The post then reproduced the email that the Student Council members sent that morning. The post continued:
And here is a letter my mom sent to Paula [Schwartz] and cc’d Karissa [Niehoff] to get an idea of what to write if you want to write something or call her to piss her off more. im down.—
Although the blog was published off-campus, the school quickly found out about it once the phone began ringing off the hook from angry music fans. Unhappy with Doninger's blog post which contained some factual inaccuracies and called administrators "douchebags," the school prevented her from taking office as Senior Class Secretary or giving a speech at a school assembly regarding elections.

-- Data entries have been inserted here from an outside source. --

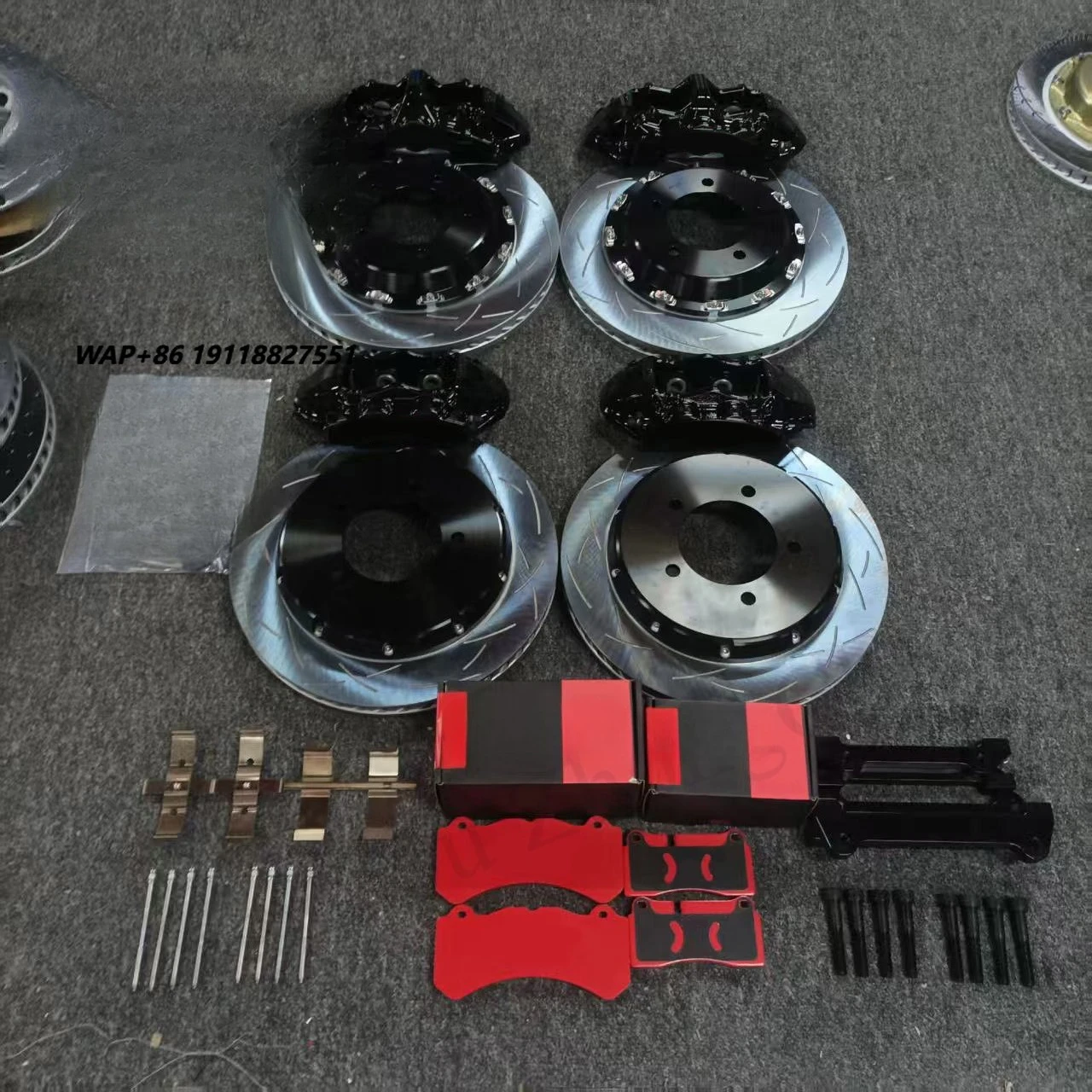 

Custom Black Aluminum Big Brake Kit Performance Brake Pads for Land Cruiser 200 2020 2006 Is350 Mark X 2014 Q50 E36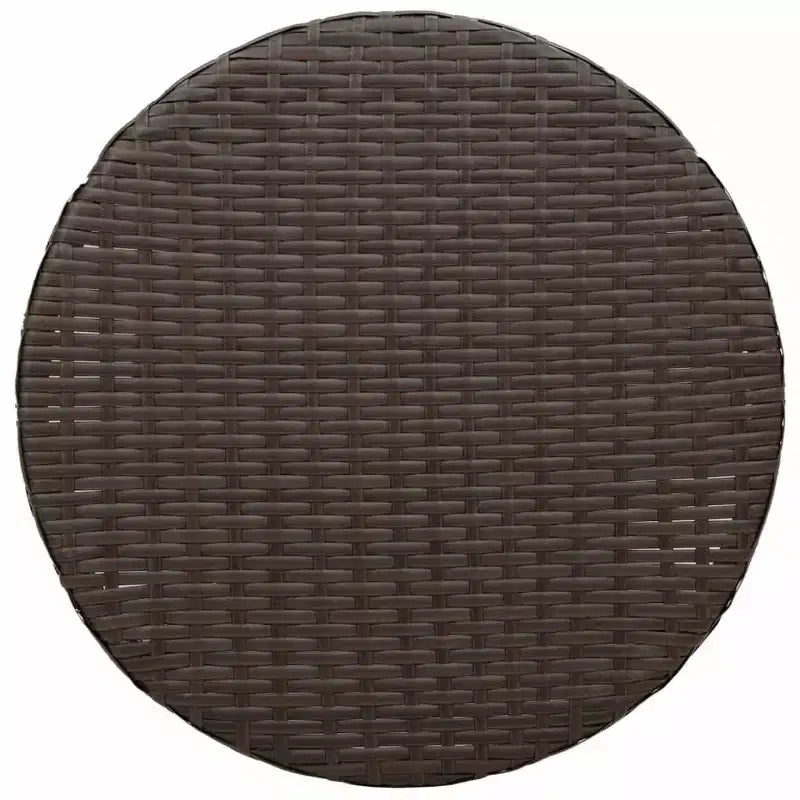 vidaXL Bistro Set with Cushions Poly Rattan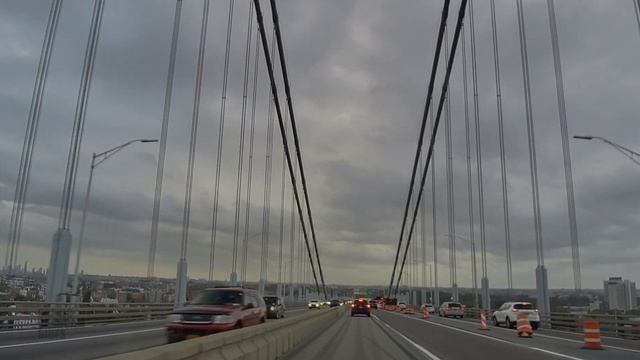 Verrazzano-Narrows Bridge drive: From Staten Island to Brooklyn смотреть онлайн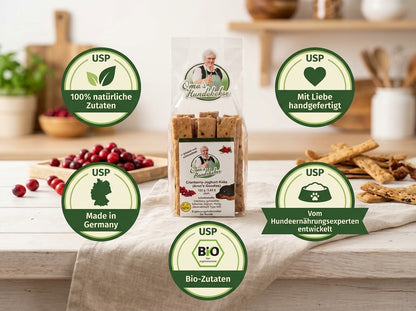 Omas Hundekekse - Cranberry - Joghurt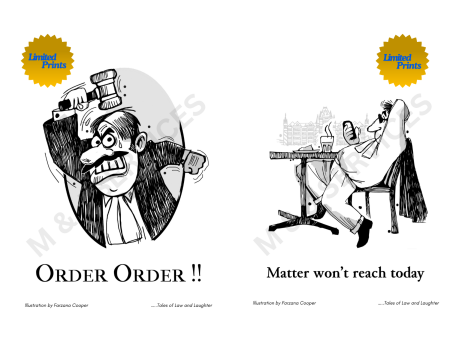 Courtroom Chaos & Legal Laughter: A Humorous Poster Set for Lawyers! For Discount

Doninger's First Amendment lawsuit is met with the well-known principle that student speech rights are diminished in the school setting. The Supreme Court told us that in Tinker v. Des Moines School District (1969). Over the years, the Court has upheld restrictions on student speech in a variety of contexts, including the use of vulgarity in the building and the principal's right to censor student newspapers. The Second Circuit has more recently held in Wisniewski v. Board of Education, 494 F.3d 34 (2d Cir. 2007) that the school can even punish students for objectionable off-campus speech (such as instant messages) that reasonably can be expected to find its way to their attention on campus. The Second Circuit tells us this time around that off-campus speech may find its way to administrators in ways previously deemed unimaginable, through blogs, instant messages and other forms of electronic communication.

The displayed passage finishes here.